Residents across Pinellas County are heading to the polls today to help decide several local and state races ahead of the Nov. 8 general election.
Although Florida is a closed-primary state and voters can only cast their ballots for candidates in their registered party, Pinellas residents will still help shape the races for governor, congress, county commission and the school board.
Polls opened at 7 a.m. today, and despite nearly 150,000 of the county’s 690,520 registered voters casting their ballot early or through the mail, the Supervisor of Elections Office told the Catalyst that turnout is brisk for a primary. As of 11:30 a.m., over 17,000 people voted in person.
“And that’s really good for before noon,” said Pinellas Deputy Supervisor of Elections Dustin Chase. “We’ve had really strong election day turnout so far.”
Chase said the office is excited for Primary Election Day, as residents can once again exercise their right to vote, and it marks the culmination of several months of work by thousands of people. He explained that the elections office began preparing for this year’s primary and general election just a month after the 2020 races concluded.
“And we hope people come out and participate,” he added. “Anyone who has not voted yet still has a lot of time.”
Chase noted that the office’s website – votepinellas.gov – provides a wealth of information, and polls are open until 7 p.m. With Florida recently completing the redistricting process, he encourages residents to check their polling locations before heading out to cast their ballots. Voters must also bring photo identification that includes a signature.
Since Florida is a closed-primary state, residents will cast varying ballots according to their voter affiliation. However, local Republicans, Democrats, Independents and those without a party affiliation will all cast votes for school board and judicial races.

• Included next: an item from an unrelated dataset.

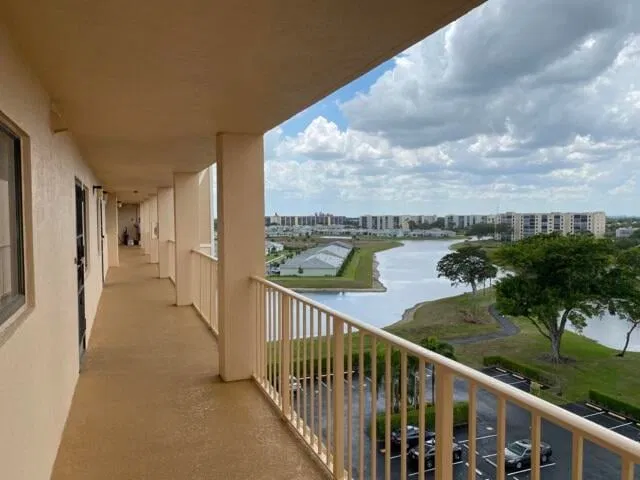 Unit 805 photo 6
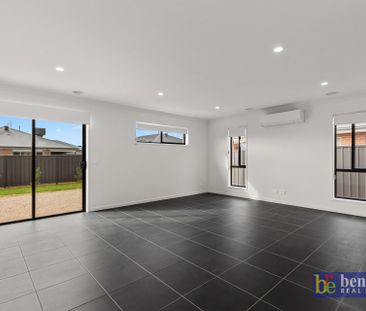 Contemporary Family Living in Huntly - Photo 1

Pinellas Democrats have a say in the state’s race for governor. St. Petersburg Congressman Charlie Crist and Agriculture Commissioner Nikki Fried are the front runners. Crist said he would cast his ballot at a local church Tuesday.
In addition, Democrats will choose a U.S. Senator from a field that includes Ricardo De La Fuente, Val Demings, Brian Rush and William Sanchez, and either Christopher Bradley or Kathy Castor as U.S. Representative for District 14. Republicans will decide between Anna Paulina Luna, Kevin Hayslett and Amanda Makki in their District 14 congressional primary.
Republicans also have the only say in the county commission race. Incumbent Dave Eggers is running against Heather Aynne Vernillo, and since there are no Democratic challengers, Tuesday’s leading vote-getter will win the seat outright.
Debbie Buschman and Brian Scott are vying for the District 2 at-large seat, with the winner facing incumbent Democrat Pat Gerard in the Nov. 8 election.
Three commission candidates are running unopposed – Republican Chris Latvala in District 5, Republican Kathleen Peters in District 6 and Democrat Rene Flowers in District 7. Latvala is a term-limited former state representative, while Peters and Flowers currently sit on the board.
Four school board seats are up for grabs in Tuesday’s primary, with incumbent Lisa Cane, Brad S. DeCorte and Bronson Oudshoff vying to represent the District 2 at-large seat. Keesha Benson, Dawn Peters and Carl “Z” Zimmerman are facing off in District 3, also an at-large seat.
Brian Martin, Stephanie Meyer and Kimberly Works are running in District 6, while incumbent Caprice Edmond faces challenger Maria Di Fiore Solanki in District 7. Both are single-member districts.
The Pinellas Canvassing Board will convene at 3 p.m. Tuesday to begin processing ballots. The Supervisor of Elections Office will release unofficial results after 7 p.m.